§ **DATA TO USE**:
════════════════════

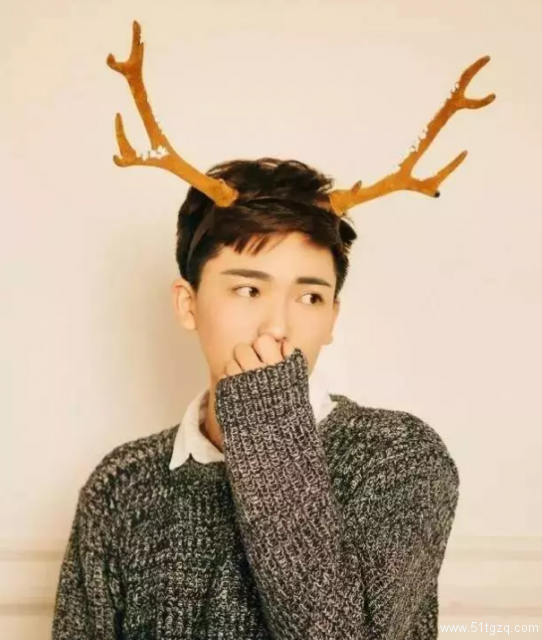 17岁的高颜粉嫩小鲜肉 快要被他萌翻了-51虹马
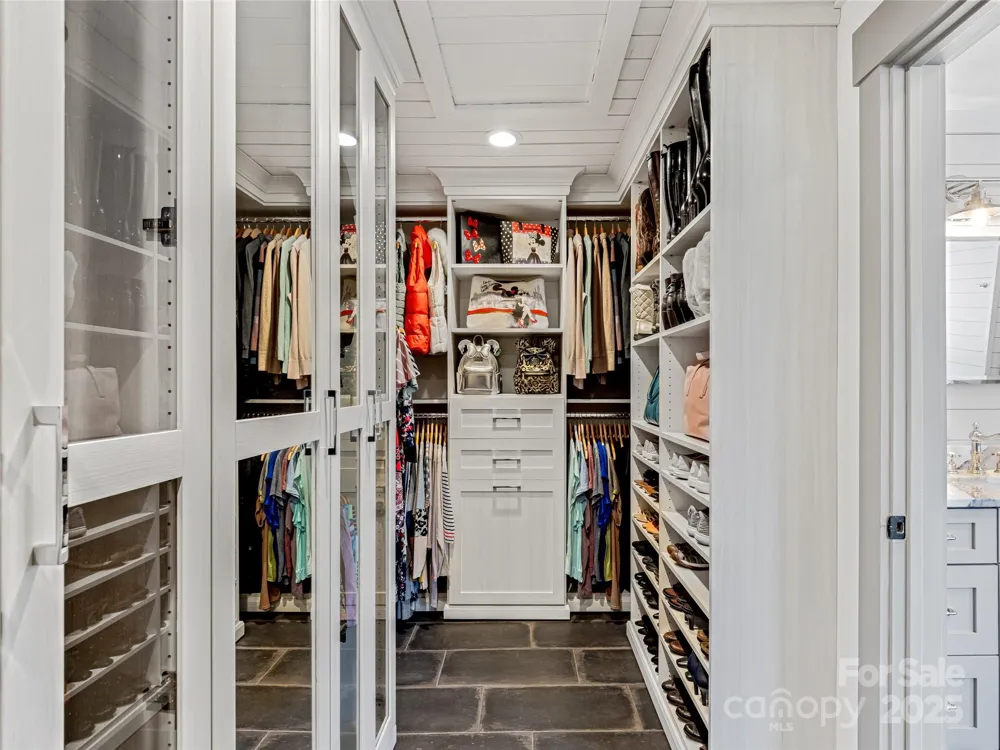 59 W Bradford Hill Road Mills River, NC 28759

════════════════════

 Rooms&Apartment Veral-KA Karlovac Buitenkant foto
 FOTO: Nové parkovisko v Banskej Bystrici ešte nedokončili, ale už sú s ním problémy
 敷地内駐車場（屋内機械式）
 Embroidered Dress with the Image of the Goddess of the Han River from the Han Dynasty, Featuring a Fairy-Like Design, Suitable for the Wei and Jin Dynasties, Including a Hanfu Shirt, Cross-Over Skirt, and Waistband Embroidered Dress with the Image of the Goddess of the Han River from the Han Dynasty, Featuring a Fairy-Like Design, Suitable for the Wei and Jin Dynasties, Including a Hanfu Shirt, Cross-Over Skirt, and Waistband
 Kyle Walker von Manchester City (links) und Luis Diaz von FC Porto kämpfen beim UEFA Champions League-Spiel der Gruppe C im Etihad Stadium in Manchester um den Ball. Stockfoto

════════════════════

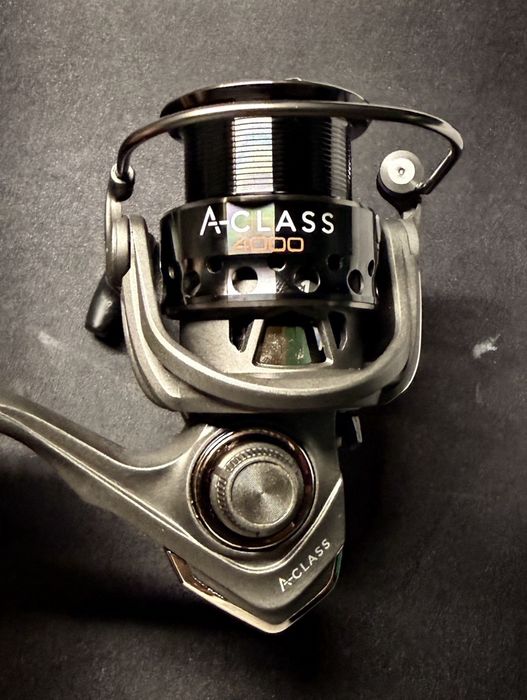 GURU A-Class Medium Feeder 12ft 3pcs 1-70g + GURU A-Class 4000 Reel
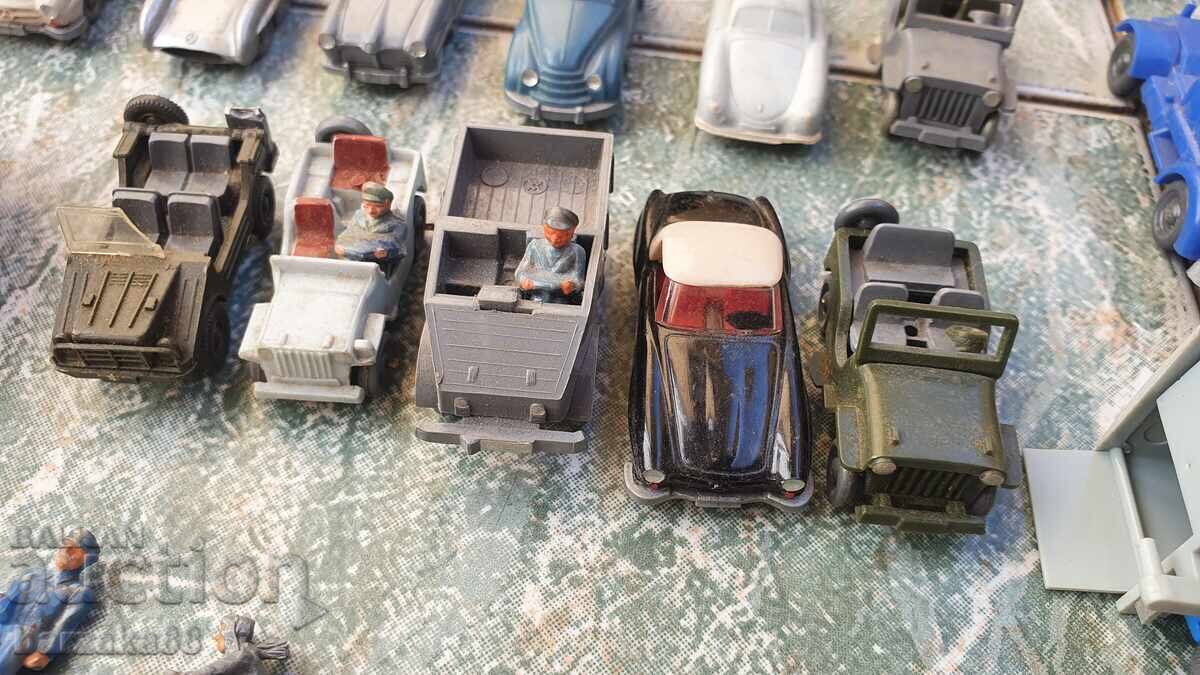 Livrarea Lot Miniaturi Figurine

════════════════════

§ **WHAT TO DO**:
Copy nothing but the lines above from the one with "17岁的高颜粉嫩小鲜肉 快要被他萌翻了-51虹马" to the one with "59 W Bradford", inclusive, word for word. Leave every picture out.

§ **RESPONSE BELOW**:
 17岁的高颜粉嫩小鲜肉 快要被他萌翻了-51虹马
 59 W Bradford Hill Road Mills River, NC 28759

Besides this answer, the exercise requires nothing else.